Estas palabras, entre otras, han hecho correr ríos de tinta en innumerables medios de comunicación. Estas palabras se han calificado de giro a la izquierda; de regreso a la izquierda clásica; de intelectual sensible hacia las necesidades de los más vulnerables, et.., etc..Estas palabras han provocado reacciones en la derecha y en la izquierda, incluso en las propias filas del socialismo. Así, mientras las palabras de la derecha no necesitan de comentario sí me detendré en algunas de la izquierda. En algunas que se han hecho públicas y en las que no, pero que estar, están.

Quienes desde la izquierda, creen que ser de izquierda, que ser socialista, sin más, sin más apellidos es exagerado. Quienes se reivindican socialdemócratas, liberales, de centro izquierda, porque se trata de suavizar a la izquierda y al socialismo. Quienes creen que para ganar hay que estar en ese limbo llamado centro, centralidad, clases medias. Se han apresurado, y los que no esperan la oportunidad, a echar suavizante. Así el Portavoz del Partido Socialista Francés ha dicho “que el discurso no ha marcado un giro a la izquierda”, “que el electorado es moderado”, en un pretendido marcaje al candidato

En España algo o mucho de esto sabemos. Aquí también tenemos este debate. Primero lo hemos tenido en diálogo directo con el electorado, el cual en dos citas electorales seguidas nos ha negado en torno al 40% de los votos. Antes, durante y después de las elecciones, lo tenemos en nuestros debates, ahora de más actualidad por la inminente celebración del 38 Congreso del PSOE. Mirando a nuestros resultados electorales no parece que quienes nos han dejado de votar lo hayan hecho por considerarnos muy de izquierda en muchas políticas del último tiempo.

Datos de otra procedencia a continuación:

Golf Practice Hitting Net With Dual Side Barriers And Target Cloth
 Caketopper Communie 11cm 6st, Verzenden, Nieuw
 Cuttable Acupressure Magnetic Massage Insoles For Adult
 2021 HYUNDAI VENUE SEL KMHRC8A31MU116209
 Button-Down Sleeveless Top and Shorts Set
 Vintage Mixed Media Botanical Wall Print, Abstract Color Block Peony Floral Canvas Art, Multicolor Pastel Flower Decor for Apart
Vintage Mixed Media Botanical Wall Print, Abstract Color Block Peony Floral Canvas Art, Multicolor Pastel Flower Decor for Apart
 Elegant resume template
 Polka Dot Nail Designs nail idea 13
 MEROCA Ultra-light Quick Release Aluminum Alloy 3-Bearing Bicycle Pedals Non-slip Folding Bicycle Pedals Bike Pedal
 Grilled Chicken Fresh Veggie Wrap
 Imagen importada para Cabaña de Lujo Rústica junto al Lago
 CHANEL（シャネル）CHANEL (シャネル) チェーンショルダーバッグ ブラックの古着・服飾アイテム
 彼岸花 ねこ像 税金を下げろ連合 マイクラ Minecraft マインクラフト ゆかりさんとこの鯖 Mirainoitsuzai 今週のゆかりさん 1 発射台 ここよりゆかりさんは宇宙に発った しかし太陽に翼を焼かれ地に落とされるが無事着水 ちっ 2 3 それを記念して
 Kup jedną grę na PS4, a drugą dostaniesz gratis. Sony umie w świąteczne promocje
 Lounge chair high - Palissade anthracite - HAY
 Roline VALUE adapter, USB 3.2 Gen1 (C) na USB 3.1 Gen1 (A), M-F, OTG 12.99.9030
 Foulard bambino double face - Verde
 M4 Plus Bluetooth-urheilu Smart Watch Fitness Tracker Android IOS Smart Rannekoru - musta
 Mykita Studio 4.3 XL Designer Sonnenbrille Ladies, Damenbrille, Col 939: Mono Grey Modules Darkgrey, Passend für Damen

Sí, en la izquierda institucional europea de hoy, en el socialismo europeo de hoy, estamos quienes reclamamos un giro a la izquierda y quienes le echan todo tipo de rebozados o suavizantes, para modificar la naturaleza del producto. Y por eso cuando el producto final es confuso, le falta identidad, no atiende a la ideología y al programa original, los simpatizantes, el electorado, responde con la misma moneda.

En España y dentro del socialismo hay quienes consideran que expresiones como la de Hollande nos devuelven al sectarismo y al dogmatismo. Considero que a donde nos devuelve es a la utilidad, al reencuentro con muchas gentes de izquierda, progresistas, a la recuperación del socialismo, como alternativa a la derecha. La verdad es que Hollande ha hecho, sobre todo en materia económica algo que anteriormente ya lo había hecho Perogrullo, llamar a la mano cerrada puño.

Me identifico con el discurso político económico de Hollande y lo mejor de él, es que hoy estamos más cerca de poner en pie una izquierda europea que se comprometa con una respuesta social a la crisis económica y que reconvierta la Europa de los mercados y los especuladores a la Europa de las personas.

El 38 Congreso del PSOE debe abrazar y estimular planteamientos políticos de este tipo que sin duda son generadores de ilusión. Una ilusión que hacía tiempo estaba muy apagada y que hoy desde el socialismo francés, alemán y español, entre otros, tiene en su mano su revitalización.